(Pictures with short captions)

※ ※ ※

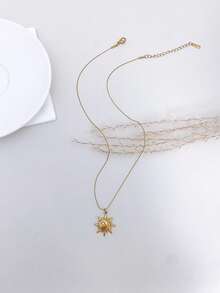 1pc Stainless Steel Waterproof Non-Fading Vintage Smiling Face Moon & Sun Pendant Necklace, Clavicle Chain Suitable For Women's Daily Wear - Gold - View 4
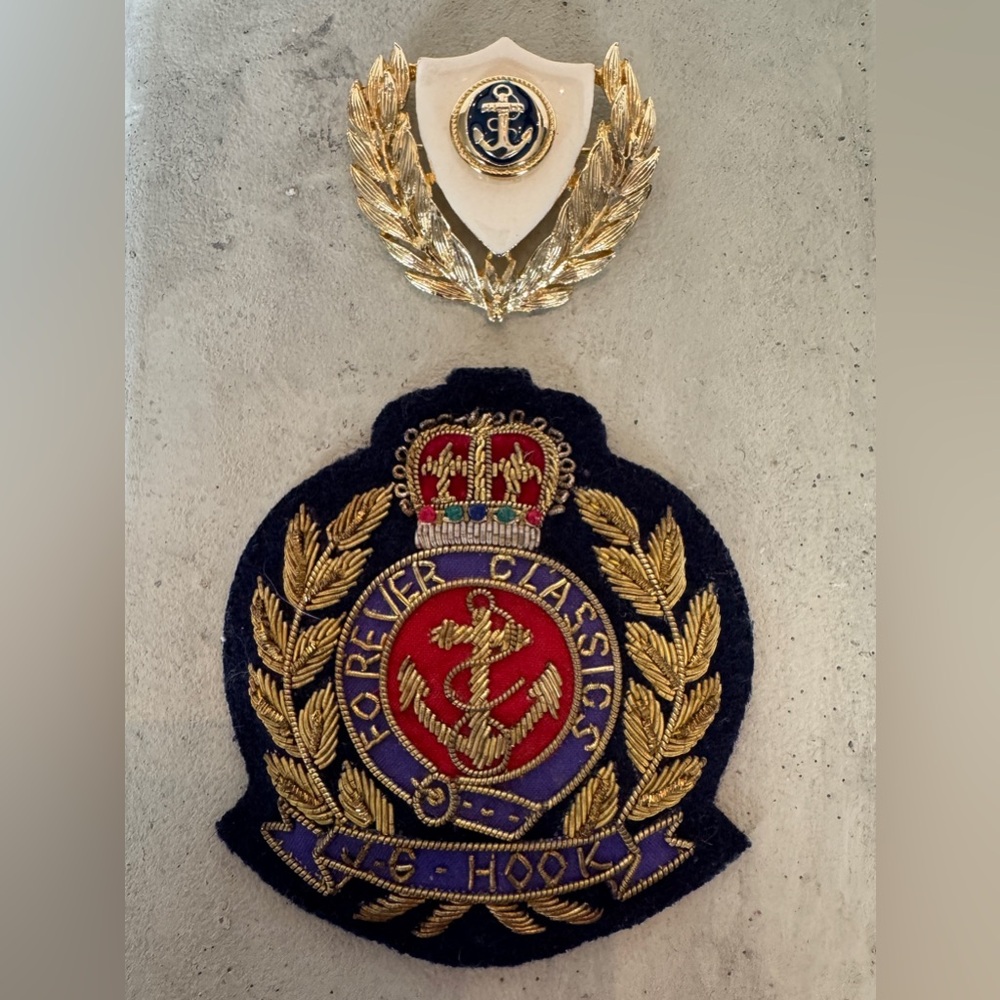 Vintage Nautical Crest Set – Bullion Patch‎ & Anchor Brooch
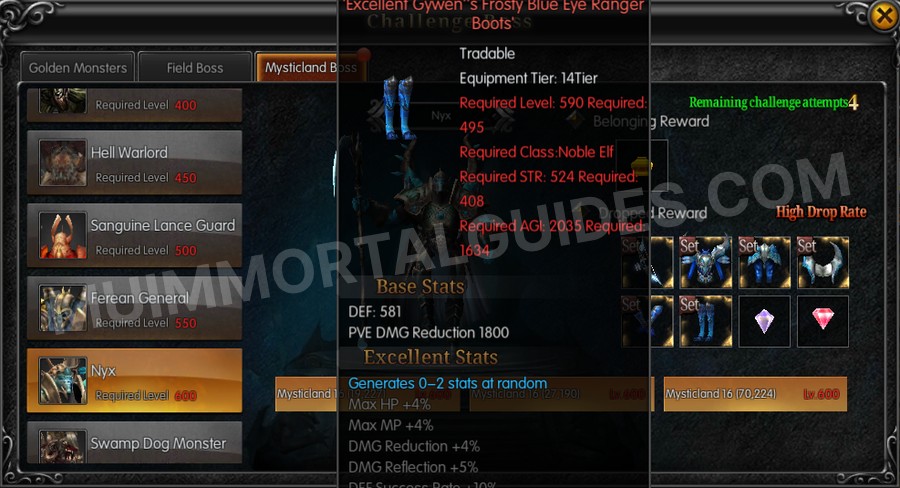 In-game screenshot of Excellent Gywen's Frosty Blue Eye Ranger Boots tooltip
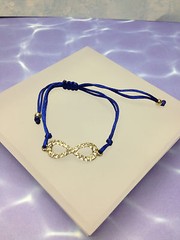 INFINITY ♾️ CHARM SPARKLE STONES ADJUSTABLE BLUE ROPE LADY FASHION BRACELET NEW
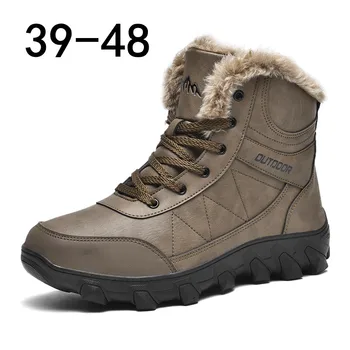 Erkek Botları erkek Kış Ayakkabı Moda Kar Botları Ayakkabı Artı Boyutu Kış Ayakkabı Ayak Bileği erkek ayakkabısı Kışlık Botlar 39-48 Ayakkabı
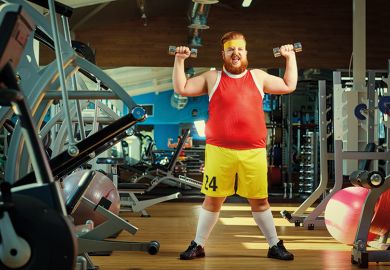 Man lifting weights in a gym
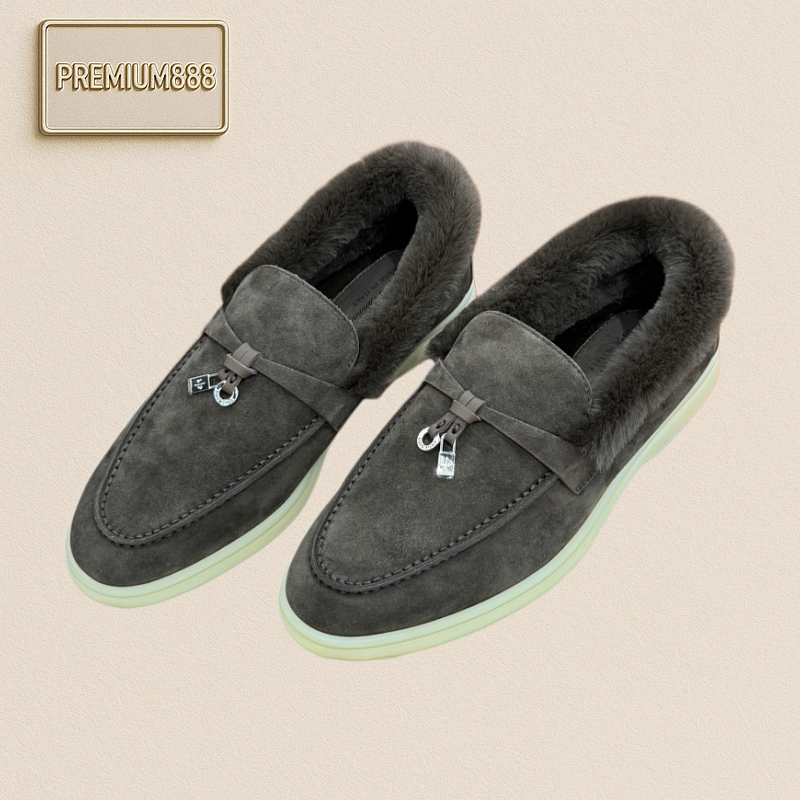 Loro Piana Summer Charms Walk Women's Fur Loafers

※ ※ ※

Would you return the records exactly, keeping out every picture?

 1pc Stainless Steel Waterproof Non-Fading Vintage Smiling Face Moon & Sun Pendant Necklace, Clavicle Chain Suitable For Women's Daily Wear - Gold - View 4
 Vintage Nautical Crest Set – Bullion Patch‎ & Anchor Brooch
 In-game screenshot of Excellent Gywen's Frosty Blue Eye Ranger Boots tooltip
 INFINITY ♾️ CHARM SPARKLE STONES ADJUSTABLE BLUE ROPE LADY FASHION BRACELET NEW
 Erkek Botları erkek Kış Ayakkabı Moda Kar Botları Ayakkabı Artı Boyutu Kış Ayakkabı Ayak Bileği erkek ayakkabısı Kışlık Botlar 39-48 Ayakkabı
 Man lifting weights in a gym
 Loro Piana Summer Charms Walk Women's Fur Loafers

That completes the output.